In 2014 she graduated with a Ph.D. in Hydrology from “Sapienza” University of Rome and a Ph.D. in Mechanical Engineering from New York University Tandon School of Engineering. She was the recipient of the 2013 American Geophysical Union Horton (Hydrology) Award; the 2014 Gruppo Italiano di Idraulica (Gii) Award for Doctoral Thesis in Water Engineering; and the 2019 International Union of Geodesy and Geophysics (IUGG) Early Career Scientist Award.

Flavia’s research interests entail the design and creation of innovative systems to sense the hydrological cycle. She was among the first researchers to integrate image analysis techniques with unmanned aerial systems technology and furthered a range of fully noninvasive measurement systems for surface flow observations. Since 2010, she has coauthored more than 30 papers in the top journals in Hydrology.

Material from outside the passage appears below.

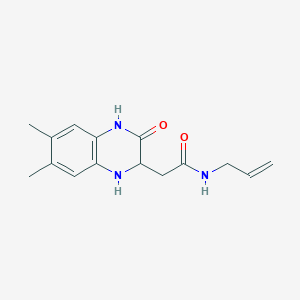 molecular formula C15H19N3O2 B2709687 2-(6,7-dimethyl-3-oxo-2,4-dihydro-1H-quinoxalin-2-yl)-N-prop-2-enylacetamide CAS No. 1008963-31-2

Since 2015, she is serving as Chair of the Measurements and Observations in the XXI Century (MOXXI) working group of the International Association of Hydrological Sciences.

Alessandro Cenzon graduated in Mathematical Engineering from the University of Padova, Italy, mostly focusing on analytical and numerical models for Science and Engineering.

His master thesis concerned the development of a general theoretical framework to capture the impact of river network dynamics on the hillslope length distribution. This work led to the derivation of different models for the hillslope lengths, that have been tested on several real-world catchments, from Italy and North America.

During his previous studies, he has spanned the area of Applied Mathematics, ranging from dynamical and complex systems to advanced programming skills for numerical simulations.

He gained general knowledge of information and control theories and algorithmic design throughout his bachelor. Particular interest is devoted to environmental applications and phenomena, such as surface flows, water resources management and meteorological events.